Etre à la fois sédentaire et nomade, étranger et pays, ne pas avoir à choisir - ni surtout qu’on choisisse à ma place - Il faudrait pouvoir y arriver, mais que de passes difficiles, en soi et autour de soi, à franchir
La pluie est parfois effrayante, mais c'est avec indifférence : elle s'en prend à vous comme à n'importe qui d'autre. Quand il s'agit du vent et que ce vent s'acharne comme en certaines nuits de ce premier hiver, on se sent personnellement visé, désigné, agressé. On voudrait s'expliquer d'homme à homme, mais quel langage utiliser ? (226)
J'aime les livres, on s'en serait douté. J'aime les livres comme j'aime la vie; comme j'aime les gens que j'aime, et les animaux, et les fleurs, et les fleuves, et les heures, et les couleurs du temps. Lire est pour moi une façon de se mouvoir dans le monde, d'accompagner le chant secret des choses. Je crois très sincèrement que la lecture, comme attitude dans la vie, participe de cette "grandiose naïveté" que Jean Giono disait tant admirer chez Stendhal.
Voilà donc pourquoi, me direz-vous, vous hésitez encore à tuer à coups de hache cette Mme Guermantes ? (14)
Apprendre, bien modestement (deux ou trois par saison peut-être ?) le nom des fleurs, des plantes en général, des arbres, n'a rien à voir avec l'érudition, la science, encore moins le pédantisme. C'est une manière de courtoisie, une forme de savoir-vivre. Comme ne pas dire "le voisin d'en face", mais, par exemple, M.Empédocle ou M. Tchouang tseu... (77)
Il n'est pas facile, en ce pays d'ici, de se laisser aller à une contemplation qui serait, si j'ose dire, purement contemplative. Sauf au plein de l'été, et même, il est presque impossible de s'arrêter quelque part, au creux d'une clairière, au surplomb d'un rocher, pour s'absorber dans la méditation. Le froid, l'humide, le vent coulis, ont tôt fait de vous remettre debout, et en mouvement. Le lotus, me dit la montagne, n'est pas fleur qu'on acclimate ici. (97)
Emprisonnés que nous sommes dans ce qu'on nous a dit être notre humaine condition, humiliés chaque jour par ce que Stendhal appelait "la bêtise insolente des puissantes", la lecture nous donne - il suffit de le vouloir - l'occasion inouïe de "nous pencher au dehors".
Ce qui est, il faut le reconnaître, sommamente pericoloso.

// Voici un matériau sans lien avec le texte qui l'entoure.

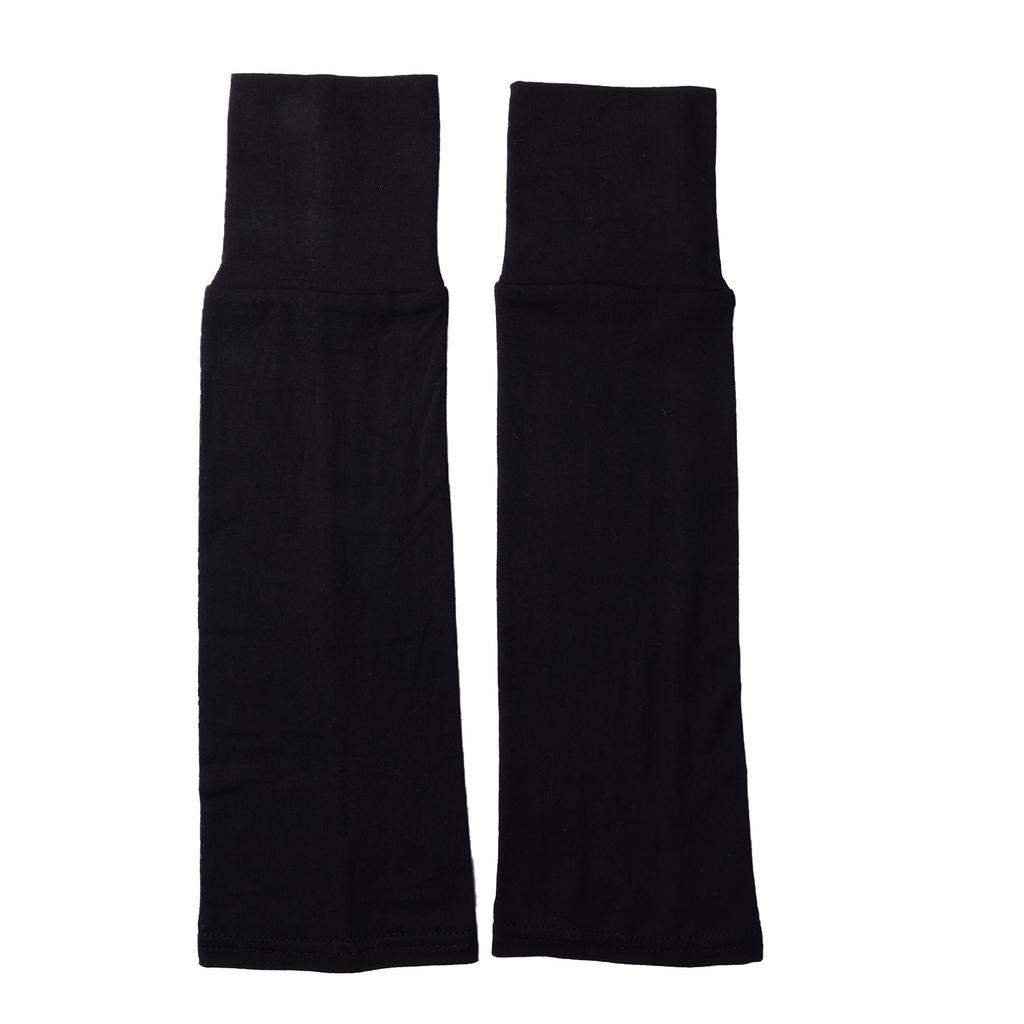 Women Long Arm Sleeves Fingerless Gloves for Sun Protections and Comfortable Wear Sun Block Armwear for Outdoor Activity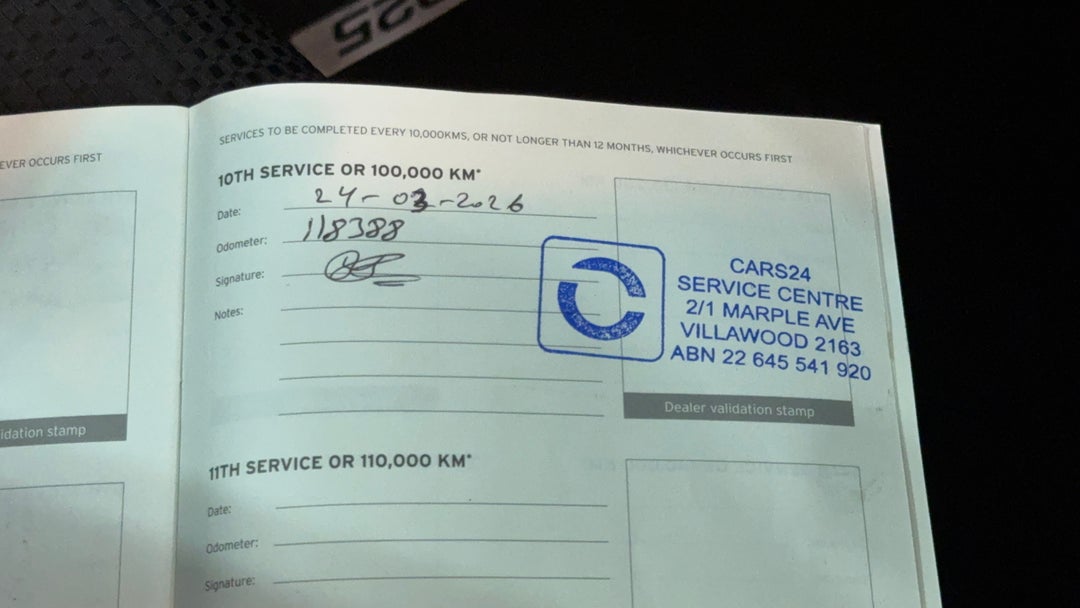 2017 Mazda 3 Sp25, Manual, 118411 km, Service History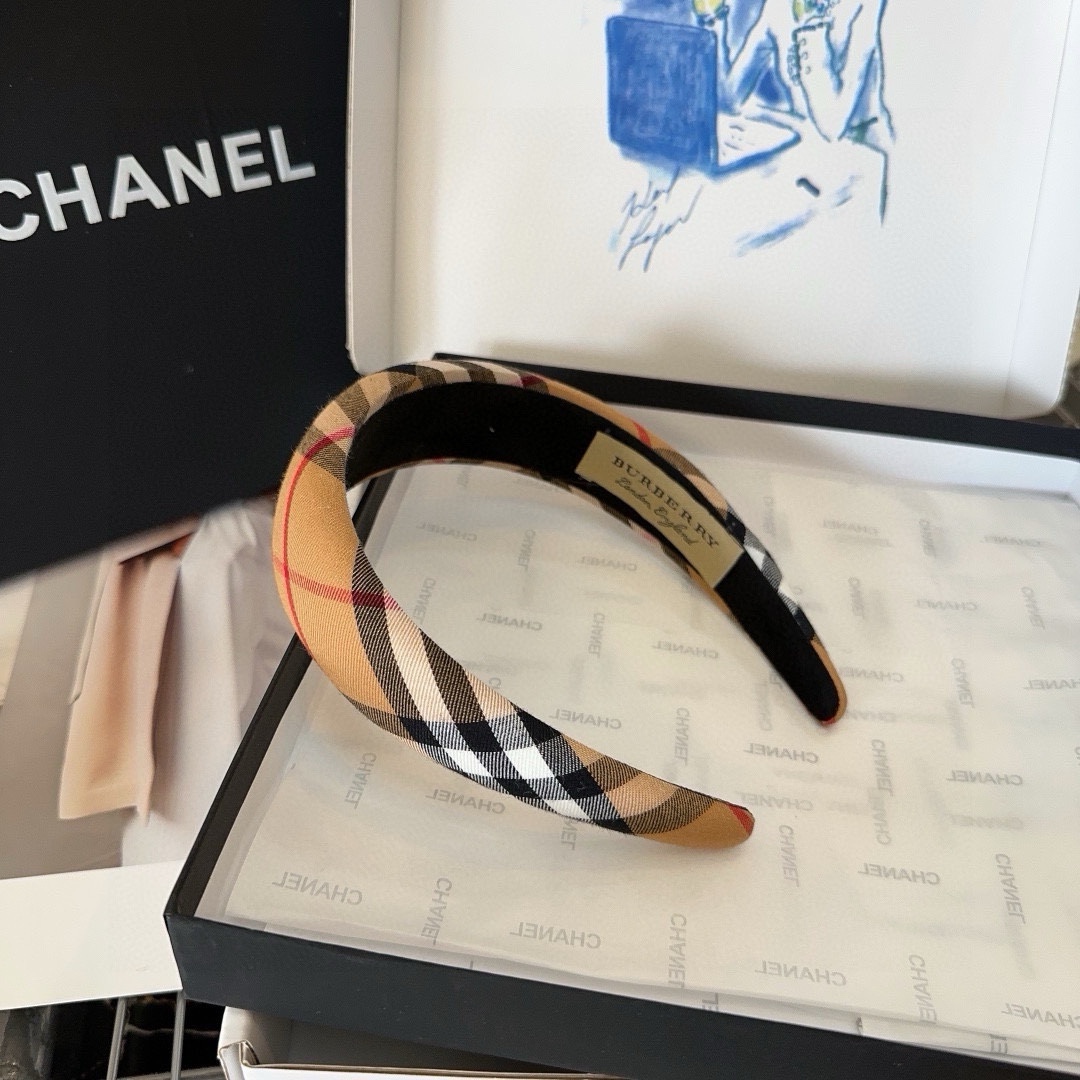 P 95 🎁 packaging box Burberry (Barbory) spasms, classic plaids, fashion, never again - 图片 3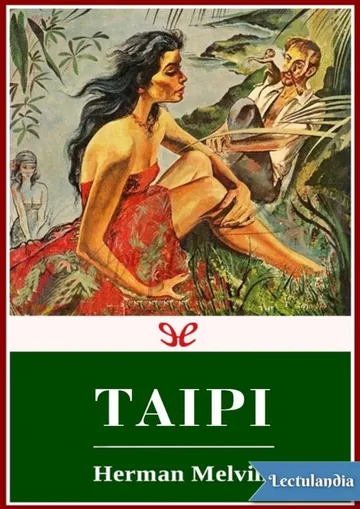 Taipi de Herman Melville, portada del libro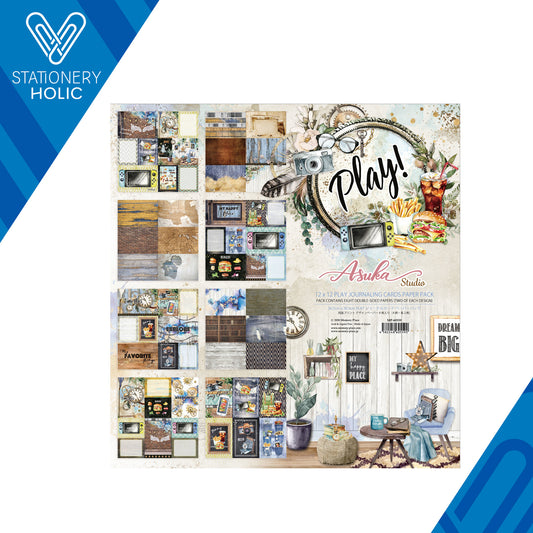 Memory Place - Colección 12 x 12 - Play Journaling Cards
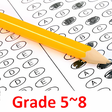 プログラムのアイコン：58th Grade Math Test Free
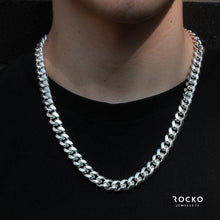 Load image into Gallery viewer, 925 SILVER HEAVY CUBAN CHAIN
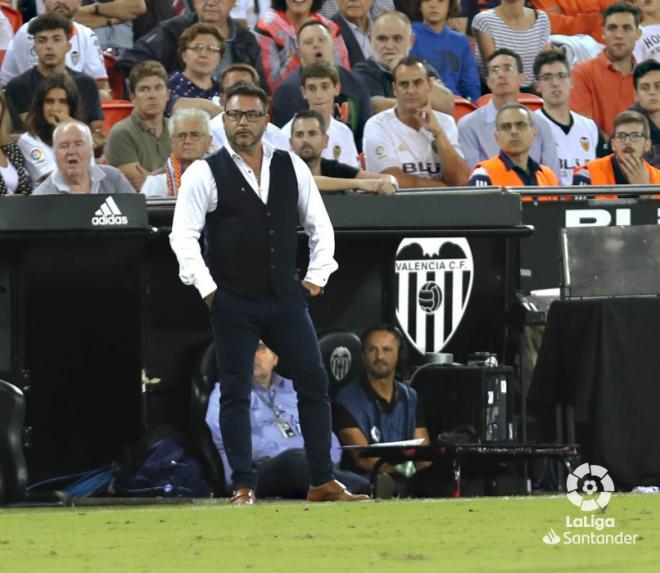 Mohamed en Mestalla (Foto: LaLiga).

Éminemment dangereux. (41)
Partout désormais, où qu'on regarde, le confort immédiat passe avant la survie. On peut même parler de disparition de l'instinct de survie. Car il s'agit rarement, chez ces gens qui saccagent, d'une mauvaiseté intrinsèque. Plutôt de quelque chose de nouveau et étrange, comme un désespoir informulé. (146)
D'un personnage tel qu'Ameline dans Les Balesta de Bosco, on se demande assez bêtement : a-t-elle pu exister ? (ces "yeux sans regard", etc.)
La question n'est peut-être si bête : Ameline est, dangereuse ô combien ! Mais elle n'existe pas. C'est pourquoi rien n'a prise sur elle. (113)
Cette cabane où nous vivons a décidément bien du charme. D'un côté quand on vient de la route, elle a l'air d'un chalet ; de l'autre, vue de la forêt, on dirait un wagon d'un train à l'arrêt. Elle est une escale, beaucoup plus qu'un enracinement.
Les gens de par ici - et d'autres terroirs aussi - massacrent les paysages à coups de remembrement, de déboisement, d'écobuages et d'épandages, mais parlez-leur d'éoliennes, les voilà tous reconvertis en défenseurs de l'environnement. (116)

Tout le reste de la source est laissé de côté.